É difícil dizer com precisão quais os fatores que acarretaram esta mudança. Certamente, o maior relevo político-econômico do país, hoje a sétima economia mundial, sua maior participação em questões de política internacional, fizeram com que os holofotes iluminassem também as Letras do país. A bolsa de tradução da Biblioteca Nacional continua tornando possíveis traduções que antes seriam economicamente inviáveis para pequenas editoras. A Feira do Livro de Frankfurt trouxe muita atenção. Com o Salão do Livro de Paris, espera-se que novos frutos sejam colhidos.

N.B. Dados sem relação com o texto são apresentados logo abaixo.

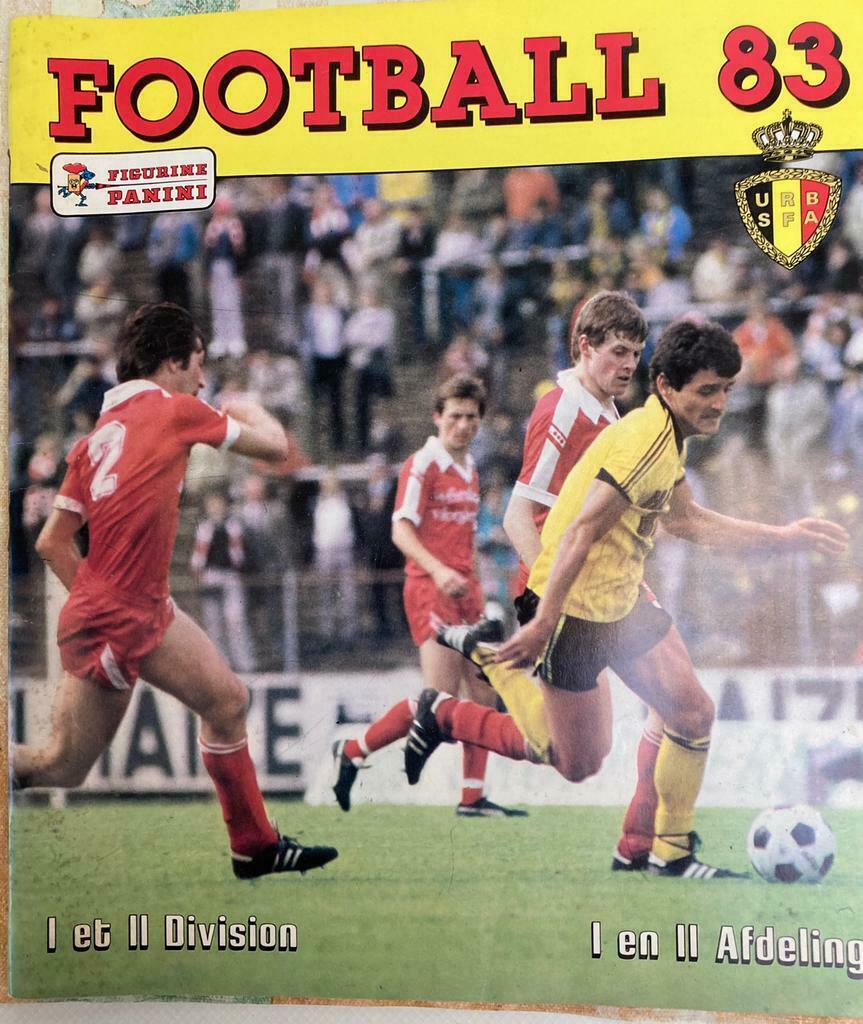 Panini Fotoboek 1983 Belgische voetbalclubs 1E + 2E DIVISIE, Verzamelen, Ophalen, Gebruikt, Boek of Tijdschrift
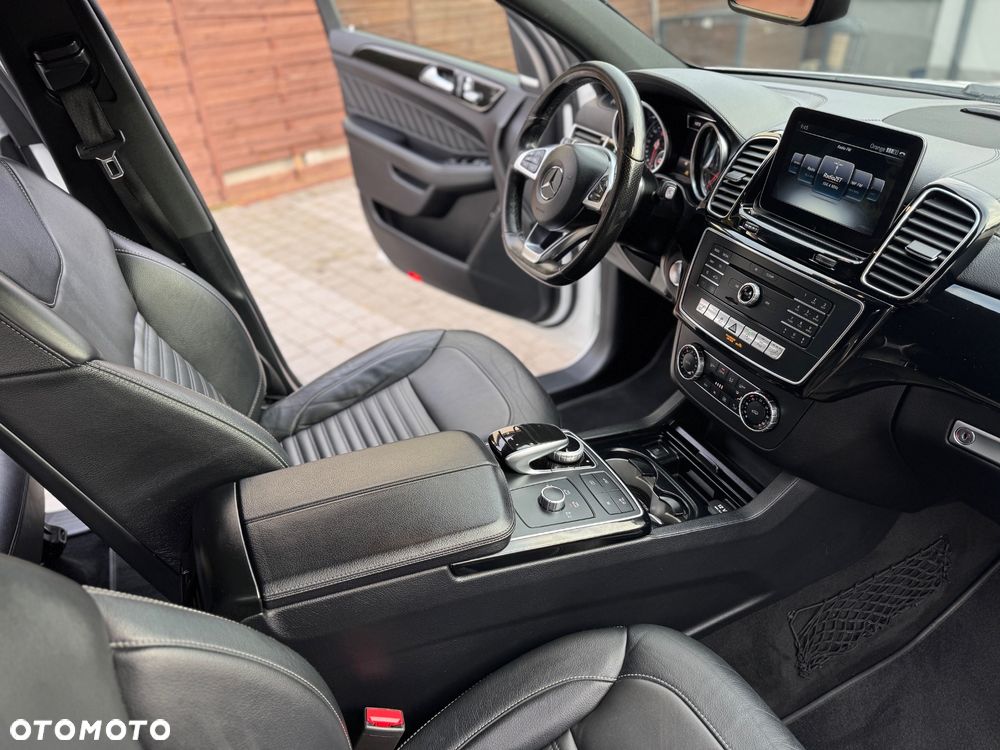 Mercedes-Benz GLE 350 d 4Matic 9G-TRONIC AMG Line - 16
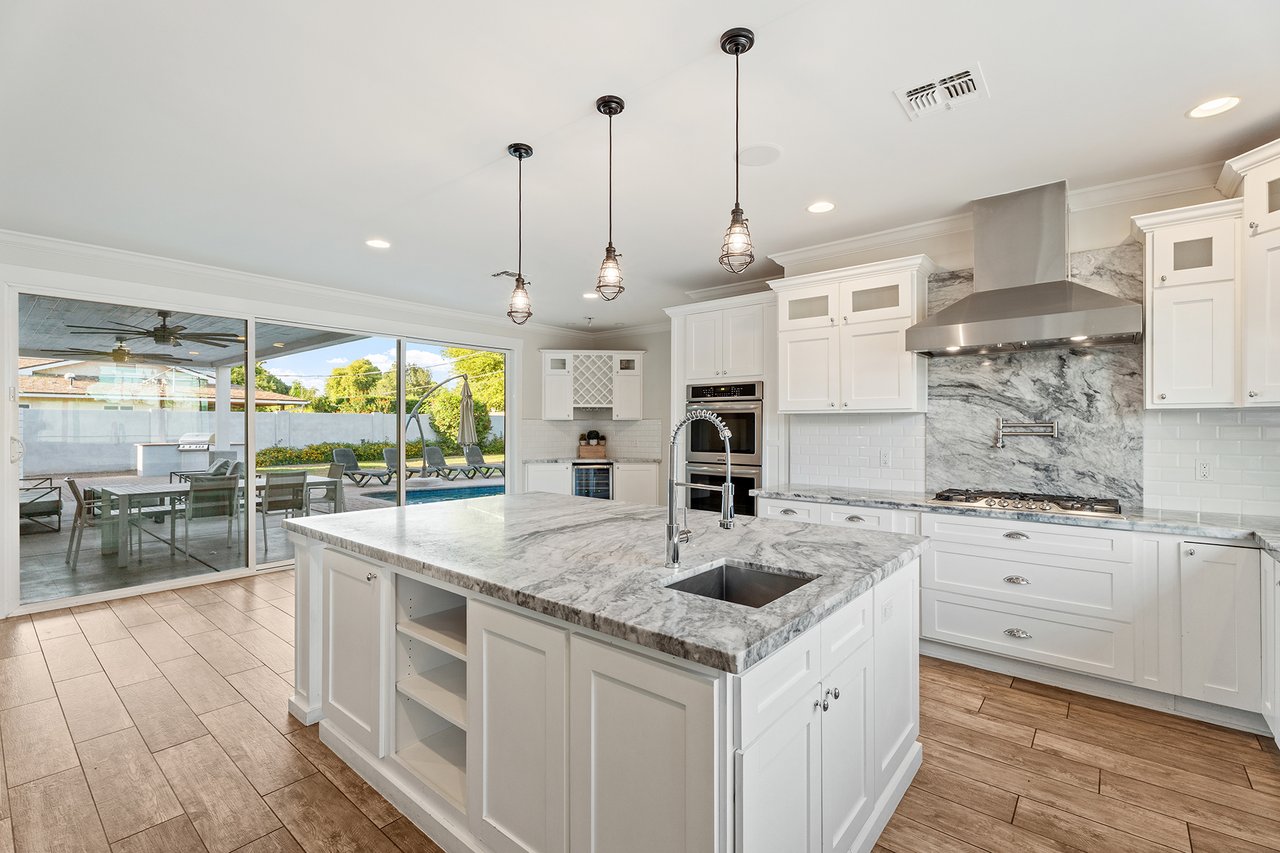 3401 N 34TH Place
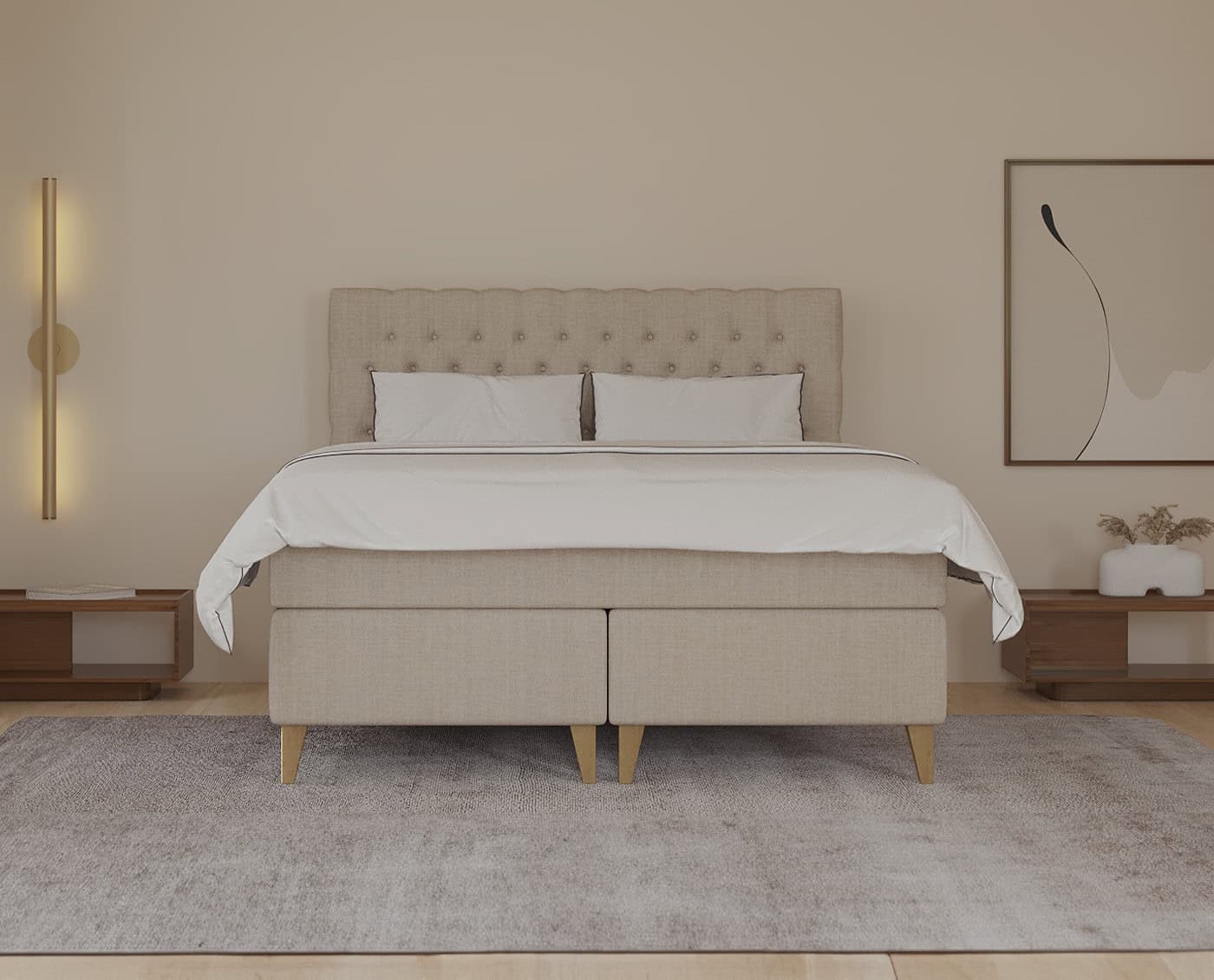 Sengeventil til soveværelse i moderne minimalistisk stil med beige polstret sengegavl og matchende sengetøj, flankeret af minimalistiske sideborde og elegant vægkunst, skabt til komfort og stil.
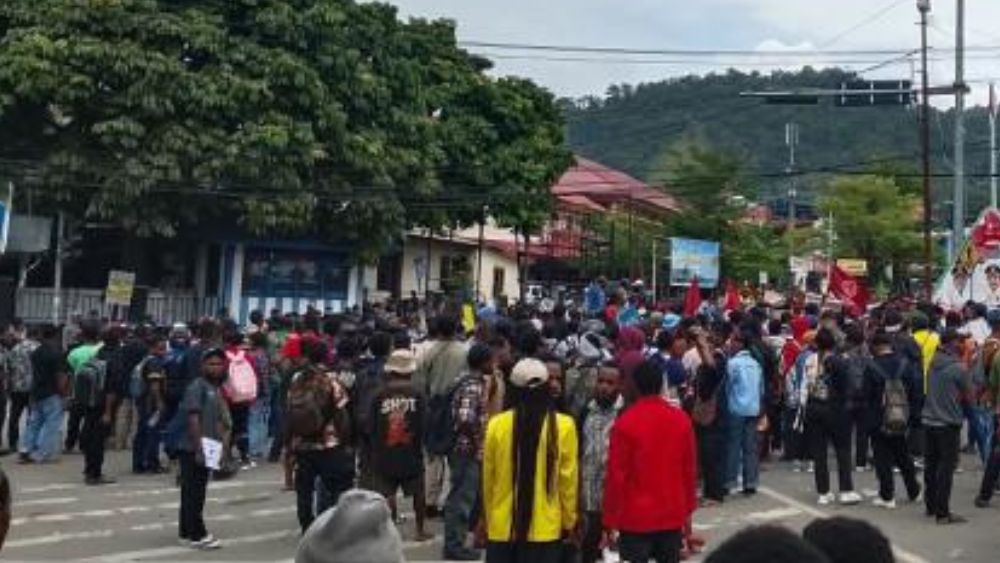 Ratusan Mahasiswa Papua Gelar Aksi Tolak Investasi dan Militerisasi di Tanah Papua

Quando me perguntam (e isso já aconteceu algumas vezes): “Se eu fosse ler um único escritor brasileiro, qual eu deveria ler?”, eu geralmente respondo, primeiro, com uma pergunta: “Você perguntaria isso para um russo ou norte-americano?”, para logo em seguida dizer: Machado de Assis, não porque seja brasileiro, mas porque qualquer pessoa deveria lê-lo, como se lê Dostoiévski ou Faulkner não porque um é russo e o outro americano, mas porque são grandes autores. E, ao mesmo tempo, Machado só poderia ser brasileiro. O Brasil tem vários casos de grandes escritores universais mas brasileiros, como João Cabral de Melo Neto, para mencionar um grande poeta ao lado do grande prosador. O mundo, espero, continuará descobrindo estes nomes.
Na antiga capital da Colônia, do Reino Unido, do Império e da República
Que hora louca para chegar ao Rio de Janeiro vindo de Berlim. O bafo quente assaltava a cara, mas ao redor falavam todos a língua de Machado de Assis e Manuel Bandeira. Na rádio do táxi, logo ao entrar no veículo, a voz cantava versos de Luís de Camões mesclados a versículos do 13° capítulo da primeira Epístola aos Coríntios. Era o último dia de agosto, mês de desgosto, parecia bom agouro. Vinha oficialmente a trabalho, mas era também amor o que me trazia. E de vez em quando um poeta lusófono, mesmo que voluntariamente exilado, preocisa poder dizer ao taxista: “Copacabana quase fronteira com Ipanema”, em vez de “Kreuzberg quase fronteira com Neukölln”. Ao pregar uma literatura mundial, Goethe precisou dizê-lo em alemão, Weltliteratur. A placa dizia “Bem-Vindo”, não Willkommen. Gostei, Goethe.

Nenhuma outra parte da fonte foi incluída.